First all the bs with Twitter and Elon, then Reddit having an exodus to Lemmy (not complaining lol), then Twitch. Are we like, in an alternate self healing dimension or something?
First all the bs with Twitter and Elon, then Reddit having an exodus to Lemmy (not complaining lol), then Twitch. Are we like, in an alternate self healing dimension or something?
Note that they are cashflow negative because of expensive advertising features.
Twitter is pretty cheap to run for base functionality and if you open up dev console and see all of the resources Twitter is requesting its like 90% ad stuff and suggestions.
That’s just bandwidth, though. What about database load? A big part of Lemmy’s growing pains come from slow database queries. It doesn’t take much bandwidth to send you the content, but the server has to do a lot of work to figure out which content to send you.
Every request is tied to some functionality. Databases and storage is laughably cheap these days.
The complex queries and all the overhead features is where the real expense is. Crafting a personal, ad-optimized timelines is what’s costing Twitter the most money. The public/subscribed feeds of mastodon are incredibly efficient even on something super slow like ruby on rails.
Lemmy is having the same problem and doesn’t have ads.
Does it though? This instance has thousands of users and interactions already and is running on just few dollars a month.
It’s running on a few hundred dollars a month, if I recall correctly, and it has only about 450 users per day. (The sidebar statistics don’t include a figure for peak concurrent users, unfortunately, and that’s what we really need to know.)

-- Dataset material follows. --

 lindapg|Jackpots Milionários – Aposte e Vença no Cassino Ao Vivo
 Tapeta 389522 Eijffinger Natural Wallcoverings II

Ah didnt see that increase though decentralized systems are inheritly very inefficient unfortunately
The issue I saw was with answering user requests for content—which post do you want to see, which community was it posted to, which comments are on that post, who wrote them, what are their vote scores, and so on. Nothing to do with decentralization. Reddit would have had the same problem, and judging from early Reddit’s performance and reliability woes, it probably did have the same problem.
That’s just bad engineering tbh.
But advertising is also where 90% of their revenue comes from- so really, given the service is “free”, what is the product?